The black is a great smoke!!!


----------



## Redbeard (Aug 7, 2006)

amateurke said:


> Nice review Red!! Now, get that Halloween pic out those pics, that shocked people!! eace:


hahahah!!! mite have tooo


----------



## iloveclmore (Jan 23, 2008)

Some say they are overrated, but I highly disagree. They are one of the best NC smokes available (actually, not available, given the rarity). :ranger: :flypig:

New smilies too. Kickass. I just spent like 5 minutes looking through all of them.


----------



## Paint (Mar 1, 2008)

laneUDE GOT A DELL:lol:Chad you fired it up nice!!!!:laser: That looks great No micro with it?


----------



## Lighthouse (Sep 5, 2007)

I just got one of these in a bomb from a very fine botl. I plan to spark it later today...and am looking forward to a great experience!!!


----------



## LkyLindy (Feb 1, 2008)

Tats the goods


----------



## Redbeard (Aug 7, 2006)

paint said:


> laneUDE GOT A DELL:lol:Chad you fired it up nice!!!!:laser: That looks great No micro with it?


i had the infamous Hop Ottin IPA with it ...


----------



## jitzy (Jan 7, 2007)

the one way to best describe the black is it's like an old school cigar for a serious cigar smoker.


----------



## ksnake (Jan 3, 2008)

redbeard said:


> i had the infamous Hop Ottin IPA with it ...


Nice, that is my favorite beer! Crisp clean and bitter! Yum!


----------



## Redbeard (Aug 7, 2006)

i did set it down ONCE haha
i had to kick the heater up on high !


----------



## eggwhites (Apr 20, 2008)

If these are ever released again... I would consider buying my first box.


----------



## ezmoney5150 (Jan 23, 2008)

I've tried the Miami and the Havanas. They didn't blow me away. I wonder if the Black is a 180 from the other blends?


----------



## Doogie (Oct 15, 2007)

great cigar. still have two resting in the humi


----------



## Smoke 'em All (Aug 17, 2008)

Looks like a great cigar. A very threatening "iron claw" look you got there.


----------



## Paint (Mar 1, 2008)

Glad you didn't have to smoke that cigar dry bro!!!Good beer huh never had one...ainkiller:


----------



## Redbeard (Aug 7, 2006)

paint said:


> Glad you didn't have to smoke that cigar dry bro!!!Good beer huh never had one...ainkiller:


the hop ottin is my current favorite IPA !!! its awesome right on point


----------



## Paint (Mar 1, 2008)

redbeard said:


> the hop ottin is my current favorite IPA !!! its awesome right on point


Well i will have to see if it is that good :fish: Love IPA beer like the alcohol %:drum:


----------



## karmaz00 (Dec 5, 2007)

cant wait to try one


----------



## EKGOTSKILLZZ (Jun 17, 2008)

nice stick


----------



## baba (Nov 5, 2007)

The balck is a fantastic cigar.

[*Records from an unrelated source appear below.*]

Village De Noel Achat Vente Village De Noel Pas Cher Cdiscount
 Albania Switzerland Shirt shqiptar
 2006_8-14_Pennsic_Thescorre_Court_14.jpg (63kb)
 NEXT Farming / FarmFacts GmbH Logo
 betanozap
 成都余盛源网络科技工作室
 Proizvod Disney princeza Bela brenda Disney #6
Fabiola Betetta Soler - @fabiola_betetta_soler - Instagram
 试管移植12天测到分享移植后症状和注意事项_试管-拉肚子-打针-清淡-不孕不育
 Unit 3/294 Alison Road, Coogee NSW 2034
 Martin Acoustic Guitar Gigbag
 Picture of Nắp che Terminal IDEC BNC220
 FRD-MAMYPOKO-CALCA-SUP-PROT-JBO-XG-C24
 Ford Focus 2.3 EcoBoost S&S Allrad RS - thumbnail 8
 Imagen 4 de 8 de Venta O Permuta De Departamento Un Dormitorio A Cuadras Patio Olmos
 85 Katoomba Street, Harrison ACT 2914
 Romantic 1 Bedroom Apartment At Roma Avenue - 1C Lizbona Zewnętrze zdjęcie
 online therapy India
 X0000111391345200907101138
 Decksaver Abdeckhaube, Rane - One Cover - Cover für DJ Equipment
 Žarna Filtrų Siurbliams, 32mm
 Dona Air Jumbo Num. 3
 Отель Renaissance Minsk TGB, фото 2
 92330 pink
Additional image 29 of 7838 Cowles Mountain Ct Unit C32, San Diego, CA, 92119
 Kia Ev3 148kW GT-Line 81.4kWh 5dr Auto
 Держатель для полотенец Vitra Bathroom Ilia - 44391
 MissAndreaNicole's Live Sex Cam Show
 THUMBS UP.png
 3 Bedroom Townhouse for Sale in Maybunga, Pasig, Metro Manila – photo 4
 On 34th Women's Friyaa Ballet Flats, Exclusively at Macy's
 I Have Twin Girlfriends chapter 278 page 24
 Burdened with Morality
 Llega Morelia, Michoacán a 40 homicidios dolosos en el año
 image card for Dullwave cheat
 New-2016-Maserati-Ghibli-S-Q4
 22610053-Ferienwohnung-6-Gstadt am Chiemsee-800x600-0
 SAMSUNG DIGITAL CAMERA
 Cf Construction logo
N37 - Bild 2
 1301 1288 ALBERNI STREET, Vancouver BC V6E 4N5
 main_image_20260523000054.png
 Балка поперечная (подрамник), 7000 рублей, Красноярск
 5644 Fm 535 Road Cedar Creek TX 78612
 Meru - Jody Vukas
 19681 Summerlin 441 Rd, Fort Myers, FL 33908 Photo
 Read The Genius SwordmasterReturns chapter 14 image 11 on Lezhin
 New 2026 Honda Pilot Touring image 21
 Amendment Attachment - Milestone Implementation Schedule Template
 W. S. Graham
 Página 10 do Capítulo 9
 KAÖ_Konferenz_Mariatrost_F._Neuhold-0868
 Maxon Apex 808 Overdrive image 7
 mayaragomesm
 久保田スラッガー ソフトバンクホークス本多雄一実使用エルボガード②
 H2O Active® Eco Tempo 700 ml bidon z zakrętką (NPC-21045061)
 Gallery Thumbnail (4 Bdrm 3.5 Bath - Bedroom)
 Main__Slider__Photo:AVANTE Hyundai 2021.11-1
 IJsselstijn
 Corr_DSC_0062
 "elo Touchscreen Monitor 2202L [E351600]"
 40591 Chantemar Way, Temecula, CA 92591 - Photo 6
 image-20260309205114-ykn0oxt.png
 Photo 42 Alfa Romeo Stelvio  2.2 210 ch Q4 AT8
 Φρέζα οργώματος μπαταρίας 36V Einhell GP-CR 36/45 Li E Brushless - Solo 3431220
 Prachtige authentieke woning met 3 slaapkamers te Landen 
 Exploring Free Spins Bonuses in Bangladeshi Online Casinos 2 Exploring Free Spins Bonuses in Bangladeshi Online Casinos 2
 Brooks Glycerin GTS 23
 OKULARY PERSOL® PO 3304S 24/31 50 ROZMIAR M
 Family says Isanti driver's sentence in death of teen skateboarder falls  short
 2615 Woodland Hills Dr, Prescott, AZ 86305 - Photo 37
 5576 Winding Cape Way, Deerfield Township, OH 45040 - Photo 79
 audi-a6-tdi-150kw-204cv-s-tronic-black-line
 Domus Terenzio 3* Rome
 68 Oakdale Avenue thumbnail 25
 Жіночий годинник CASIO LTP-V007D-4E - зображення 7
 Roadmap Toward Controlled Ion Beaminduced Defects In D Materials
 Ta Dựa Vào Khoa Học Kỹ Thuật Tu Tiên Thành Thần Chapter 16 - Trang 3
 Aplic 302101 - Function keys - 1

You are fortunate that Charles shared this with you. Charles is a very generous bolt.


----------



## Redbeard (Aug 7, 2006)

baba said:


> The balck is a fantastic cigar. You are fortunate that Charles shared this with you. Charles is a very generous bolt.


agreed, and agreed !! he truely is


----------



## Maduro PiPs (Jul 5, 2007)

hahahaha!! You were watching Churros and Puros....those are my boys from StogieChat.....they are funny characters...


----------



## Redbeard (Aug 7, 2006)

Maduro PiPs said:


> hahahaha!! You were watching Churros and Puros....those are my boys from StogieChat.....they are funny characters...


hah yah there videos are awesome...they said your name in that series..they said you where scared of something....lol


----------



## mdj65 (Jun 22, 2008)

Dude you look scary, cigar looks good you look frightening.:scared:


----------